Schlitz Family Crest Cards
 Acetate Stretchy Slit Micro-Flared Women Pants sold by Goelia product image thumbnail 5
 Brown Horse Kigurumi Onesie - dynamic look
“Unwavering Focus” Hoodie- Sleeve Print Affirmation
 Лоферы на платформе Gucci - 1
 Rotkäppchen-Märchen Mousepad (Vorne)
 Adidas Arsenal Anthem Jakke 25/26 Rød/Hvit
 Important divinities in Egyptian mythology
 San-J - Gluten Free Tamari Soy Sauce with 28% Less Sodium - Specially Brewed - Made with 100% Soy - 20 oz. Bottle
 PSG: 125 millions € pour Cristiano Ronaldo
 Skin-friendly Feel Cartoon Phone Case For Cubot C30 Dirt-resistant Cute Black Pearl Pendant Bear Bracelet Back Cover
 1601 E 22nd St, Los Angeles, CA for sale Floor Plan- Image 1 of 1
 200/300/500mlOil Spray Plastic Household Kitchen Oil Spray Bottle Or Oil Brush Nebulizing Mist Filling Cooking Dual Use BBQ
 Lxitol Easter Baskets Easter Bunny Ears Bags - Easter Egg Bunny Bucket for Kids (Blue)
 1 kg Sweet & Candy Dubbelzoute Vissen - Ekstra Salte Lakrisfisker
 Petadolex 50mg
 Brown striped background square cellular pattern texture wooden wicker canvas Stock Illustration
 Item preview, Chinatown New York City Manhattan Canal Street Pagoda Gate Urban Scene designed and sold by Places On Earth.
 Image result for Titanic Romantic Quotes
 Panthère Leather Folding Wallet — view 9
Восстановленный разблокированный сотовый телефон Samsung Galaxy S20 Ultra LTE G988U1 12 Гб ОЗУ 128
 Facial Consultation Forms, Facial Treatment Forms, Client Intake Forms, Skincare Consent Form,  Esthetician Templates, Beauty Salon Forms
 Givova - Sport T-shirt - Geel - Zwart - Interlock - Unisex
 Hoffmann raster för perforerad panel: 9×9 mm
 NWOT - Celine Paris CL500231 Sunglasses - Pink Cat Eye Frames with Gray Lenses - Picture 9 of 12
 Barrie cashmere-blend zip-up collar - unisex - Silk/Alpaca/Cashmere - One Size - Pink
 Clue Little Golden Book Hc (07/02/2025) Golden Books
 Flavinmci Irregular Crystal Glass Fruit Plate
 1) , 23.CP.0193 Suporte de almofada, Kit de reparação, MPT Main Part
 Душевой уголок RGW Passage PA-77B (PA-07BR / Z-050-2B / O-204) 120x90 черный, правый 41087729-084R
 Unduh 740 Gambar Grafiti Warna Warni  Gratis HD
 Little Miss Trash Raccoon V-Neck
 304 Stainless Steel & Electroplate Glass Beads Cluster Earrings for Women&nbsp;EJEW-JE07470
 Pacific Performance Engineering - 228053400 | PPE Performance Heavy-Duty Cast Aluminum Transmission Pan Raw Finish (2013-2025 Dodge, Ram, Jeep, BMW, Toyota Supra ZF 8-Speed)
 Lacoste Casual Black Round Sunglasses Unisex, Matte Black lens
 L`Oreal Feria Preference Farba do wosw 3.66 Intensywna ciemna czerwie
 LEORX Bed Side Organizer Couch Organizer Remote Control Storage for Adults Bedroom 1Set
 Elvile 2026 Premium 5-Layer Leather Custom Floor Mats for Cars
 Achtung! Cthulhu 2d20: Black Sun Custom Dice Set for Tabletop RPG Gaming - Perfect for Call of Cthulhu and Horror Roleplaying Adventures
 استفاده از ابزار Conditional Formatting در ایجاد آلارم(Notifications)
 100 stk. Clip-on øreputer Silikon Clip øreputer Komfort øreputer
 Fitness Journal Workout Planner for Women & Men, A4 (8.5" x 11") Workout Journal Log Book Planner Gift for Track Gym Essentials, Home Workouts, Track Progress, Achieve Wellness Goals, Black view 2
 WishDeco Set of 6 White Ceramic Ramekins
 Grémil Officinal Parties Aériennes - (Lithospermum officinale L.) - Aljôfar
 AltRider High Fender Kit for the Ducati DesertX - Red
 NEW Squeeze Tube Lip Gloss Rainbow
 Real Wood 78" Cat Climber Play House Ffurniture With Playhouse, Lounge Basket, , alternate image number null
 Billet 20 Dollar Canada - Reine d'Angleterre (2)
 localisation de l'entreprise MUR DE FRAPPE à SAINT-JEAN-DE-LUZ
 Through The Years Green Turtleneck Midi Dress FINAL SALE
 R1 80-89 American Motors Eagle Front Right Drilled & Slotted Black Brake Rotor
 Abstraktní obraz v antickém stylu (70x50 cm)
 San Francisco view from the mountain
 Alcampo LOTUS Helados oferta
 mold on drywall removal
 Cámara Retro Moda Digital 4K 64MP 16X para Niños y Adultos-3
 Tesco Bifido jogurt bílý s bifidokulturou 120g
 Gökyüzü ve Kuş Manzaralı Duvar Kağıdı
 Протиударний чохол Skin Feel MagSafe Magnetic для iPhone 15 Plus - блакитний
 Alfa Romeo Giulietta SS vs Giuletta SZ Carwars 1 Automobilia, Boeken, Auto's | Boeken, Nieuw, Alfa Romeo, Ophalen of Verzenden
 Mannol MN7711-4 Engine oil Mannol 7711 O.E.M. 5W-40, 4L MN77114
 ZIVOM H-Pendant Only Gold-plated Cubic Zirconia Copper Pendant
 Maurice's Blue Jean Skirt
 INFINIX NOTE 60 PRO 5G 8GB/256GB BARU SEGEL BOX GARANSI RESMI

▶ _WHAT THE EXERCISE ASKS_: Reproduce the lines above, beginning at the line with "Unduh 740 Gambar" and stopping after the line with "NEW Squeeze Tube Lip Gloss Rainbow", exactly as they are.

▶ _EXPECTED ANSWER_:
 Unduh 740 Gambar Grafiti Warna Warni  Gratis HD
 Little Miss Trash Raccoon V-Neck
 304 Stainless Steel & Electroplate Glass Beads Cluster Earrings for Women&nbsp;EJEW-JE07470
 Pacific Performance Engineering - 228053400 | PPE Performance Heavy-Duty Cast Aluminum Transmission Pan Raw Finish (2013-2025 Dodge, Ram, Jeep, BMW, Toyota Supra ZF 8-Speed)
 Lacoste Casual Black Round Sunglasses Unisex, Matte Black lens
 L`Oreal Feria Preference Farba do wosw 3.66 Intensywna ciemna czerwie
 LEORX Bed Side Organizer Couch Organizer Remote Control Storage for Adults Bedroom 1Set
 Elvile 2026 Premium 5-Layer Leather Custom Floor Mats for Cars
 Achtung! Cthulhu 2d20: Black Sun Custom Dice Set for Tabletop RPG Gaming - Perfect for Call of Cthulhu and Horror Roleplaying Adventures
 استفاده از ابزار Conditional Formatting در ایجاد آلارم(Notifications)
 100 stk. Clip-on øreputer Silikon Clip øreputer Komfort øreputer
 Fitness Journal Workout Planner for Women & Men, A4 (8.5" x 11") Workout Journal Log Book Planner Gift for Track Gym Essentials, Home Workouts, Track Progress, Achieve Wellness Goals, Black view 2
 WishDeco Set of 6 White Ceramic Ramekins
 Grémil Officinal Parties Aériennes - (Lithospermum officinale L.) - Aljôfar
 AltRider High Fender Kit for the Ducati DesertX - Red
 NEW Squeeze Tube Lip Gloss Rainbow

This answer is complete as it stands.